新製品は、車載用V850ファミリのボディ制御向け「Fシリーズ」での4世代目として、内蔵フラッシュメモリ容量256KB~1.5MB、端子数64~176ピンのパッケージを有し、BCM(Body Control Module)、オートエアコン、ライトモジュール等、広範囲な車載ボディ制御用途に最適な製品を提供いたします。
新製品は、当社従来製品である「V850ES/Fx3」に対し(1)動作電流を約1/3に低減しながらもCPUの最大動作周波数を64MHzに高速化(約1.3倍)。かつ、CPUが動作していない状態ではCPU用の電流をストップする省電力モードを搭載し、システム全体での低消費電力化が図れます。また、(2)内蔵フラッシュメモリ容量の最大サイズを1.5MBに拡張(約1.5倍)、(3)「機能安全」をサポートする豊富な診断機能を搭載。(4)DMA(Direct memory access)(注1)の搭載チャネル数を8チャネル(2倍)とし、ボディ制御電子ユニットの高機能化に貢献します。
量産は2013年初旬から順次開始し、2013年12月には合計で月産150万個を計画しております。
背景
ルネサスは、スマート社会の実現に向け、半導体技術を用いて自動車の省エネルギー、高効率化に貢献するソリューションの提供を進めております。そのなか、さらなる低消費電力化や部品点数の削減、スマート社会における自動車へ求められる高機能化(AUTOSAR(注2)規格の採用や車内LAN増加など)、近年、自動車に搭載される電気・電子機器の増加に伴い重要になっている機能安全を実現できるマイコンが求められております。こうしたニーズに対応するため、当社ではボディ制御で実績ある「V850ファミリ」の「V850E2 CPU コア」と、内蔵メモリとして車載市場で実績のある90nm(ナノメートル:10億分の1メートル)プロセスMONOS(注3)構造フラッシュメモリを融合継承し、さらなる低消費電力化を図るとともに、システムの高機能化とトータルコストの低減の要求に応えるべく「V850ファミリ」の車載向け「Fシリーズ」の上位機種における低消費電力版として「V850E2/Fx4-L」を製品化したものです。
製品について
新製品「V850E2/Fx4-L」は、CPUには車載市場で好評の32ビット「V850E2 CPUコア」、内蔵するフラッシュメモリのプロセスには、会社統合効果により低消費電力化に最適なプロセスを選択・発展させたMONOS構造フラッシュメモリの90nmプロセスを採用しました。主な特長は以下の通りです。

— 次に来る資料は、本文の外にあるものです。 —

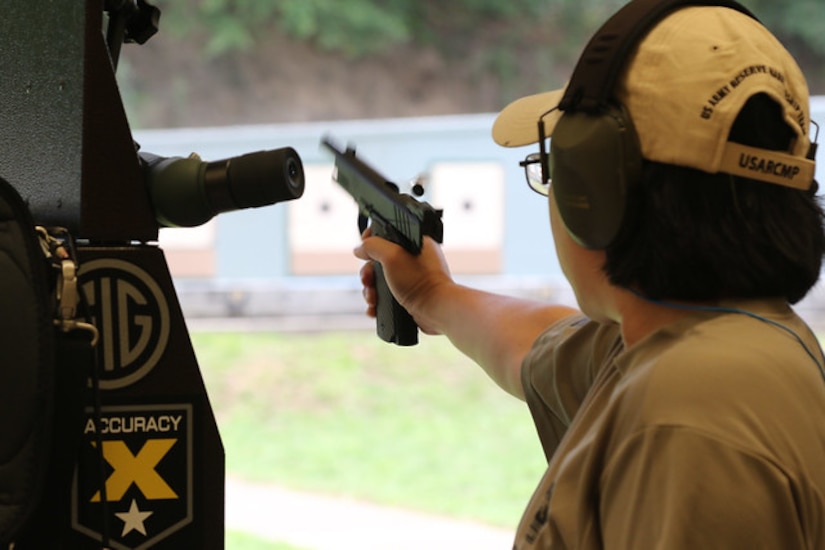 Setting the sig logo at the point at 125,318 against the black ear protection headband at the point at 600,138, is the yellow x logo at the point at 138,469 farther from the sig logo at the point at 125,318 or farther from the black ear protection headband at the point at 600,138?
the black ear protection headband at the point at 600,138

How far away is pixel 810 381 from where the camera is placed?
72 centimetres

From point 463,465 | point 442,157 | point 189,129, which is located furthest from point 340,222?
point 463,465

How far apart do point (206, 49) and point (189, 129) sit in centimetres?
51

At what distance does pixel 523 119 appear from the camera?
3.01ft

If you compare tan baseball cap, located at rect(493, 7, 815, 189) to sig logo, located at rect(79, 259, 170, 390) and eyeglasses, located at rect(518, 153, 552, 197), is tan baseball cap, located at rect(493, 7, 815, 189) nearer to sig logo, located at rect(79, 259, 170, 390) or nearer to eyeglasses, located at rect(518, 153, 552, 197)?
eyeglasses, located at rect(518, 153, 552, 197)

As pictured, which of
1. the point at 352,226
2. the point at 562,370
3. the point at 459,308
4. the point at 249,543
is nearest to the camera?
the point at 562,370

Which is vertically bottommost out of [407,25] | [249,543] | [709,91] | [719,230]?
[249,543]

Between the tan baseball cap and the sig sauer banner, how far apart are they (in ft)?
1.75

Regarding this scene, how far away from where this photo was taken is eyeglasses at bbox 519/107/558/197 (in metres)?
0.84

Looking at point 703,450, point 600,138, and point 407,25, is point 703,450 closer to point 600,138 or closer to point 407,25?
point 600,138

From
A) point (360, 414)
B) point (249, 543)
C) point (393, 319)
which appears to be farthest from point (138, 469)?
point (360, 414)

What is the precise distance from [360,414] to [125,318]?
157 inches

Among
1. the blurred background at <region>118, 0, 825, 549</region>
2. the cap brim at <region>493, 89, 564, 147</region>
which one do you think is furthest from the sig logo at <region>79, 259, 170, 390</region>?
the blurred background at <region>118, 0, 825, 549</region>

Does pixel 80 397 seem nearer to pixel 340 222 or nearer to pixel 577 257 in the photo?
pixel 577 257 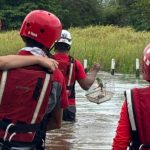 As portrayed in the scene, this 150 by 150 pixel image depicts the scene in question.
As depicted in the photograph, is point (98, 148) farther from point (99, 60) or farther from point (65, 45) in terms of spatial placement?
point (99, 60)

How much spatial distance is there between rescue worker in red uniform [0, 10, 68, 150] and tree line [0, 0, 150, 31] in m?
55.3

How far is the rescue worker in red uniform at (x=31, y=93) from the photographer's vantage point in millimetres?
4578

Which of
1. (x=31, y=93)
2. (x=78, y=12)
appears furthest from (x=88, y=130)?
(x=78, y=12)

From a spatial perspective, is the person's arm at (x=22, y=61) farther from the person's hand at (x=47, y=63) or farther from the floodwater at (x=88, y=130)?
the floodwater at (x=88, y=130)

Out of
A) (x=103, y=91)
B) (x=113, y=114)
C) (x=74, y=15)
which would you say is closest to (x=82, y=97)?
(x=113, y=114)

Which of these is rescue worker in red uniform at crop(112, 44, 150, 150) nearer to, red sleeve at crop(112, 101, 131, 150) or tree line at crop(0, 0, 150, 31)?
red sleeve at crop(112, 101, 131, 150)

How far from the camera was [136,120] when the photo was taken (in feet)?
14.3

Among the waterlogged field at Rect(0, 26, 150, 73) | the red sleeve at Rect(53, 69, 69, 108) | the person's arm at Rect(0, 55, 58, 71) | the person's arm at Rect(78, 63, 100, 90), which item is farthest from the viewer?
the waterlogged field at Rect(0, 26, 150, 73)

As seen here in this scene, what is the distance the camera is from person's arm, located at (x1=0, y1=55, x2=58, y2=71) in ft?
14.8

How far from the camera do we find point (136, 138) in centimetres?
439

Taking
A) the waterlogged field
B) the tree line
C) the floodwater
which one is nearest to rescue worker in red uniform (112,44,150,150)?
the floodwater

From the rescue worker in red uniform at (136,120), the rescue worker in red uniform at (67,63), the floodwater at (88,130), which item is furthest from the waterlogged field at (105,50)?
the rescue worker in red uniform at (136,120)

(1)処理性能を高めつつ、低消費電力化を実現、システム全体の低消費電力化、ユニットの部品点数削減に貢献
例えば 100ピンパッケージ製品の通常動作時において、動作電流は0.35mA/MHz (CPU周波数 64MHz、当社従来製品「V850ES/Fx3」比約1/3)へ低減する一方、CPU性能は115 DMIPS(注4)(CPU 周波数 64MHz、当社従来製品「V850ES/Fx3」比約1.3倍)を実現します。
また システムの低消費電力化に貢献するために、CPUスタンバイ状態(Deep STOPモード)で、CPUやメモリ(RAM)を動作させずに複数のディジタル入力ポートの入力レベルの変化を検出して、変化検出時にすばやくウェイクアップ(RUNモードへ移行)する機能を内蔵しました。また、データ・フラッシュ(32Kバイト)内蔵により外付け不揮発性メモリ(EEPROM等)を削減できますので、ボディ制御電子ユニットの部品点数削減に貢献します。
(2)内蔵フラッシュメモリ容量の最大サイズを1.5Mバイトへ増加し、システムの高機能化AUTOSAR規格の採用等への対応を強化
AUTOSAR規格の採用等、システムの高機能化に対応するため、内蔵フラッシュメモリ容量の最大サイズを当社従来製品「V850ES/Fx3」の1M バイトから1.5M バイトへ増加し、システムの高機能化に必要なフラッシュメモリ容量の増加へ対応。
ユーザにおけるAUTOSAR規格の採用を容易にするため、最新の「AUTOSAR」規格に対応したMCAL(注5)の準備も行う予定です。
(3)「機能安全」をサポートする診断機能
「V850E2/Fx4-L」では、ユーザの「機能安全」の実現を支援するために、信頼済みでないプログラムによるシステム・レジスタの破壊を防ぐシステム・レジスタ保護機能、ユーザ・プログラムに許可されていない命令の実行または、データ操作を検出し、不正な操作を防ぐメモリ保護機能、A/Dコンバータ自己診断機能等を搭載しています。CPUコアの故障検出のためのセルフテスト・プログラムも提供する予定です。製品の異常動作を検知し、更に回避することで、システムの安全性に貢献します。
(4)DMAの搭載チャネル数を8チャネルに倍増し、ボディ制御電子ユニットの高機能化に対応
新製品は、当社従来製品「V850ES/Fx3」に比べ車内LAN対応機能を強化(LINマスタコントローラの追加)したことに伴い、製品内で取り扱うデータ量が増加することに対応するため、DMAの搭載チャネル数を8チャネルに倍増致しました。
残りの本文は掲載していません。